Oracle Scratchpad

November 19, 2008

Lateral LOBs

Filed under: Infrastructure,lateral view,LOBs,Oracle — Jonathan Lewis @ 10:20 pm BST Nov 19,2008

The following request appeared on the comp.databases.oracle.server newsgroup a few days ago:

Is it possible to create a view that will split single CLOB column into multiple chunks of VARCHAR2 something like this:

TABLE:
---------------------------
ID              INTEGER
DATA            CLOB

VIEW:
--------------------------------------------------
ID              INTEGER
CHUNK_ID        INTEGER
DATA            VARCHAR(1000 char)

I gave a brief response outlining an idea that I thought might work then, having a bit of spare time on a train journey a couple of days later, I decided to check whether the idea could be made to work. This is what I came up with on a database running 10.2.0.3.

I’m going to use a pipelined function to break a CLOB into a set of varchar2() which will be returned on demand; then I’m going to create a view that joins the table holding the CLOB to a lateral view of the pipelined function. (There’s a note here from the Oracle optimizer group that contains a definition of lateral views)

drop function page_clob;
drop type clob_page;
drop type clob_line;

create or replace type clob_line as object (
	line_id	number,
	content	varchar2(60)
)
/

create or replace type clob_page as table of clob_line
/

create or replace function page_clob(
	i_id	number,
	i_chunk	number default 60
)
return clob_page
pipelined
-- deterministic  -- included incorrectly, see comment #3
as

	m_c1		clob;
	m_length	number(12);
	m_start_point	number(12) := 1;

begin
	select
		c1, length(c1)
	into
		m_c1, m_length
	from
		t1
	where
		id = i_id
	;

	if (m_c1 is null or m_length = 0) then
		pipe row(clob_line(1,to_char(null)));
	else
		for i in 1..ceil(m_length/i_chunk) loop
			pipe row (
				clob_line(
					i,
					substr(m_c1, m_start_point, i_chunk)
				)
			);
			m_start_point := m_start_point + i_chunk;

		end loop;
	end if;
	return;
end;
/

The pipelined function needs an array type defined for its return type, and “pipes” a single row of the underlying scalar type. All I’ve done in the function (and it may not be the most efficient piece of pl/sql – it’s the pipelined function and lateral view that are the significant ideas) is to step my way through the CLOB in chunks, piping a “line number” and the chunk. I’ve put in a default chunk size of 60 bytes – but you can change this in the function definition, or in the calls you make to the function.

drop table t1 purge;
create table t1 (id number, c1 clob);

insert into t1 values(1, rpad('x',173,'a') || 'x');
insert into t1 values(2, rpad('x',179,'b') || 'x');
insert into t1 values(3, empty_clob());
insert into t1 values(4, null);

create or replace view v1
as
select
	/*+ cardinality(p1 10) */
	t1.id,
	p1.line_id,
	p1.content
from
	t1,
	table(page_clob(t1.id)) p1
;

I’ve then created a table to hold just a CLOB and an id column, and created a view that joins the table to a call to the pipelined function. The call to the pipelined function is the “lateral” bit. I’ve cast the function into a table with the table() operator, and passed the id from table t1 as the input parameter to the function call.

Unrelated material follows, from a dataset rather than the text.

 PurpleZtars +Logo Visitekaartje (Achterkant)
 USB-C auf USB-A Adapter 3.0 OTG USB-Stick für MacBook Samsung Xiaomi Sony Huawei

You’ll notice that I’ve used the /*+ cardinality */ hint  in the view definition to tell the optimizer that (in my case) the typical LOB will turn into 10 rows of varchar2(). Without this hint, Oracle would use one of its magic numbers to “estimate” the number of rows returned by each call to the table() operator. The number used by default is roughly the same as the number of bytes in the default block size – which may not be very suitable.

You’ll also notice that my sample dataset caters for checking a couple of boundary conditions – what to do with a null or an empty LOB, plus a check that I do get the entire LOB (even in the special case that the LOB is an exact multiple of the size of the chunk I have chosen).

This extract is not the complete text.